25 words or less: A well-concocted metaphysical thriller of a Greek couple in Siberia which sometimes sacrifices explanations to go for mutual destruction.

It pays to be a Greek couple in Siberia.  Greek director Angelos Frantzis, in his 6th feature to date, takes the Polanski route of Rosemary's Baby to put a young couple, Anna (Katia Goulioni) and Petros (Angelos Konstantinou) into questions of personal and religious faith, distress and finally abandonment.

But whereas Polanski goes for New York apartments, Frantzis moves to Siberia (in actuality, the icy forests of Latvia). During a never-ending winter, civil engineer Petros, a good-looking and ambitious and intellectual guy (watch these glasses) has a proof task: he has to convince Siberian state officials that the route of the river in their area has to be diverted, otherwise a major environmental catastrophe will ensue. It will not help a  bit that the point of diverting is adjacent to an Orthodox Church and its somehow sacred water. Both locals and officials in spacious meeting rooms will counteract his proposals, ask for alternative plans, and do whatever they can to put him off the tracks.

Still, this is not Petros' major issue to worry about. Anna will suddenly announce him that she's pregnant, even though the sex dates won't add up to the math. Anna insists that she has never been with anyone,  except  perhaps (in her dream, as she claims) with a young blond athletic Russian. He is lately to be revealed as the swimming champion Leonynt Burzak (Kirils Zaicevs).

There is more. Anna secretly takes Russian language lessοns with a middle-aged local teacher (Indra Burkovska);  there is also a whole menagerie of local city characters, who rejoice, enjoy birthdays with Anna, are too religious to go unnoticed, and they only share their house with Anna; Petros will be always an outsider in these still warm house surroundings, a fine specimen of well-placed production design.

The majestic cinematography of Simon Beaufils is not here used by Frantzis to meditate or invest in the surroundings. Siberia will always be an unwelcome partner, used to escalate conflicts between proof and faith, while not offering  a clean-cut solution. Still River is still a character drama, for all its finely-placed religious overtones. Both Anna and Petros follow their own trajectories; and while Anna is progressively more immersed in an atmosphere she does not wholly belong, Petros cannot enter her new world.

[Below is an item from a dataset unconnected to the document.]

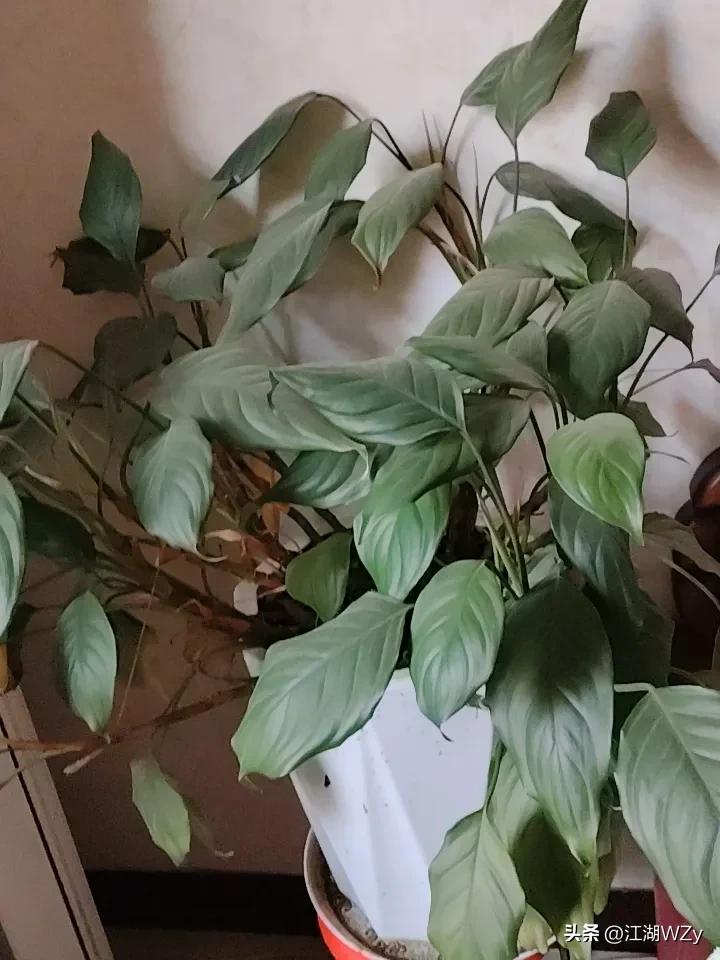这几天，因老母亲骨折住院，我在照顾老母亲，头条己断更了好几天。

今天打开头条看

The obvious incommensurability of proof and faith could risk a tedious dramatic treatment, but Frantzis and his co-writer Spyros Kribalis ensure that there are many scales and paths to go to, to  which we are not privy from the start;  this gives  the film a suspense character and a well-paced rhythm (barring some blunt dialogue lines, especially in the couple's early confrontation scene). Katia Goulioni gives a fine performance here, but she seems somehow miscast -she is a too strong persona to be manipulated by a bunch of (well-meant?) religious zealots. Andreas Konstantinou fits better with his wooden role of a narrow-minded intellectual, who can only make things for the worse, and supporting actors (especially Indra Burkovska as the teacher) are really a treat to behold.

The film features some indelible scenes: the christening of Anna in Siberian ice is a masterful composition of religious pathos elevated to a cross.  Derelict buildings tell a lot about long lost human connection as well. Frantzis chooses not to solve all the issues it opens up; Still River cleverly builds up conspiracy theories to abandon them at the end, but its thriller pace still won't flow satisfyingly with the big questions it raises. If science is not the answer to a happy household, and religion cannot give but heightened emotions, where is the middle-range emotion scale? It would seem that characters are too ready to travel from one side of the equation to the other, without anything really getting us accustomed for this (radical) change.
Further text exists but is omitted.